Description of the task: Each line of the entries below that includes "Beach" belongs in your answer.

(Scraped caption text data)
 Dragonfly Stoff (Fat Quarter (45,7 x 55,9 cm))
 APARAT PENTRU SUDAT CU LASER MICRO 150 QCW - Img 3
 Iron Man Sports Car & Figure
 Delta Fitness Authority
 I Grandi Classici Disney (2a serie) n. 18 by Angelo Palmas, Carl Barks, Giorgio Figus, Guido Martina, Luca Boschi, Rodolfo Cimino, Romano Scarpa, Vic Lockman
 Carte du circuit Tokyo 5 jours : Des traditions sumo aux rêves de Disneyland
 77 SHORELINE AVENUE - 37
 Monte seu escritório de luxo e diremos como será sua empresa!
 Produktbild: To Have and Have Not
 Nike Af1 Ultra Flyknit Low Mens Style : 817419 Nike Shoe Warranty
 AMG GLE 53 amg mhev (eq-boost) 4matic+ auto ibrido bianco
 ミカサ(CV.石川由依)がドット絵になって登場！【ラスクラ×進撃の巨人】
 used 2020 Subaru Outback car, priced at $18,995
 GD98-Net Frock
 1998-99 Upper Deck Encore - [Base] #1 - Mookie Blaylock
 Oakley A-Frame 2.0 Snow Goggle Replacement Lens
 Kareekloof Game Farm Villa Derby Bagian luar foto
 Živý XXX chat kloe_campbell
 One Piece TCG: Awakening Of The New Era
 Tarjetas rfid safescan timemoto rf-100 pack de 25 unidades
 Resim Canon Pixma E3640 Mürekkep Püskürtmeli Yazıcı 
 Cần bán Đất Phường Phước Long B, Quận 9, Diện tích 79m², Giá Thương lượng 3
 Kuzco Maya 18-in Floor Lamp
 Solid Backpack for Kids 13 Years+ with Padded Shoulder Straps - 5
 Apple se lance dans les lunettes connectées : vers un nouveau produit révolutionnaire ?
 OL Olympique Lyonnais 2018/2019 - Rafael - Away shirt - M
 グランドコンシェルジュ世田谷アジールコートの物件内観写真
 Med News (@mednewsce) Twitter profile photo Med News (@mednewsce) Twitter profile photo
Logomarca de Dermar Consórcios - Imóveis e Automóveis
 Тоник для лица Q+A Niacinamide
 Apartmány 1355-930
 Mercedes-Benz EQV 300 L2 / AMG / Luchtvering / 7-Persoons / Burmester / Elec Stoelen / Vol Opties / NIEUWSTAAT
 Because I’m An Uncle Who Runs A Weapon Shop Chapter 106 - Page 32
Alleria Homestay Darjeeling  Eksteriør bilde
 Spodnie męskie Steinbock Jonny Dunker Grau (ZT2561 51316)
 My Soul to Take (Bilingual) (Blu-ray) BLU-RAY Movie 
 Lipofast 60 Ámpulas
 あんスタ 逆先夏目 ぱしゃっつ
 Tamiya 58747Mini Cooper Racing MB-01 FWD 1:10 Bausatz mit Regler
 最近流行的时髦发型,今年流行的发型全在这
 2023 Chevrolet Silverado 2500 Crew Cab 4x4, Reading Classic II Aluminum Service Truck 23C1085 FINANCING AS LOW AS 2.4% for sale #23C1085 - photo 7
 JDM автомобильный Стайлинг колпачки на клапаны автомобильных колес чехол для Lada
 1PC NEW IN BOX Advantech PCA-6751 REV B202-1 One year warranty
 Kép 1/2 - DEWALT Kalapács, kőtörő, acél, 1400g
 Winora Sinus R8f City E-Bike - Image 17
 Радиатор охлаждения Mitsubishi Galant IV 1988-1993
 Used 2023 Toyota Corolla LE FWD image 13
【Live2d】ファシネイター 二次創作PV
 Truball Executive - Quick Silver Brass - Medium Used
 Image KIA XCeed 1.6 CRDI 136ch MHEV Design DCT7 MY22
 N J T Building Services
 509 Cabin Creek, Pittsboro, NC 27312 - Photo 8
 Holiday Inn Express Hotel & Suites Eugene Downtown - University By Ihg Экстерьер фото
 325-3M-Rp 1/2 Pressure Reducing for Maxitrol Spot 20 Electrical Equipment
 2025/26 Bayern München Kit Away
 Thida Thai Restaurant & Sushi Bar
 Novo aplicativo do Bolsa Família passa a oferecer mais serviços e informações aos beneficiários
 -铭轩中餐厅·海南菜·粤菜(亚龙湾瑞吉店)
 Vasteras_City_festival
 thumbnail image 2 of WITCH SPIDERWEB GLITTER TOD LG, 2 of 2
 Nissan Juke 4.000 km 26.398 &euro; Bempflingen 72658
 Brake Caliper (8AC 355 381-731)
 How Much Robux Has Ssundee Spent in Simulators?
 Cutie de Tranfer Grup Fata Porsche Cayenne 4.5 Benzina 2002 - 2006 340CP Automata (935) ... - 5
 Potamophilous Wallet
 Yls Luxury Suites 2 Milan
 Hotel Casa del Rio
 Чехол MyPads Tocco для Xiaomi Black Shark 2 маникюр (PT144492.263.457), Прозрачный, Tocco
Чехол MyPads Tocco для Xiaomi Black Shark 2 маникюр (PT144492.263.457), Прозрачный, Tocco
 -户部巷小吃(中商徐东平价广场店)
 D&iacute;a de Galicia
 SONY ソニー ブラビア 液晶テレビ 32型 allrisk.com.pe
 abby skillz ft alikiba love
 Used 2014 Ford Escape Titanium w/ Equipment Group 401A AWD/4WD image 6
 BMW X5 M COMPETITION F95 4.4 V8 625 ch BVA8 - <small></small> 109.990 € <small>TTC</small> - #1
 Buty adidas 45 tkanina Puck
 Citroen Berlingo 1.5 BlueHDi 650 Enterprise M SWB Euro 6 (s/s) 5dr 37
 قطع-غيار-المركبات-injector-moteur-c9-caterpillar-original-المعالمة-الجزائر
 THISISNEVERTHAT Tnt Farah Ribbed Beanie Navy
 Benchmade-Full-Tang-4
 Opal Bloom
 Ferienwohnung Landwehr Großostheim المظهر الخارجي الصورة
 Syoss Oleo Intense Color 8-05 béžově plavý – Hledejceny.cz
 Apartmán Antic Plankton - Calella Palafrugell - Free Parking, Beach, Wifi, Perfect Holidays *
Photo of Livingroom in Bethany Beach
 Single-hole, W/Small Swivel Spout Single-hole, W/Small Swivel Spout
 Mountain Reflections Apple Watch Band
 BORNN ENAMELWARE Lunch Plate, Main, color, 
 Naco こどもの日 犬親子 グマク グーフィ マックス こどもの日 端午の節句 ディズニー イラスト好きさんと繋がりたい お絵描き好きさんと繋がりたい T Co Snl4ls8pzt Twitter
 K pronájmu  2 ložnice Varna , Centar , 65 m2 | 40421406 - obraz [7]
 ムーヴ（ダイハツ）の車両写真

Solved exercise:
 Apartmán Antic Plankton - Calella Palafrugell - Free Parking, Beach, Wifi, Perfect Holidays *
Photo of Livingroom in Bethany Beach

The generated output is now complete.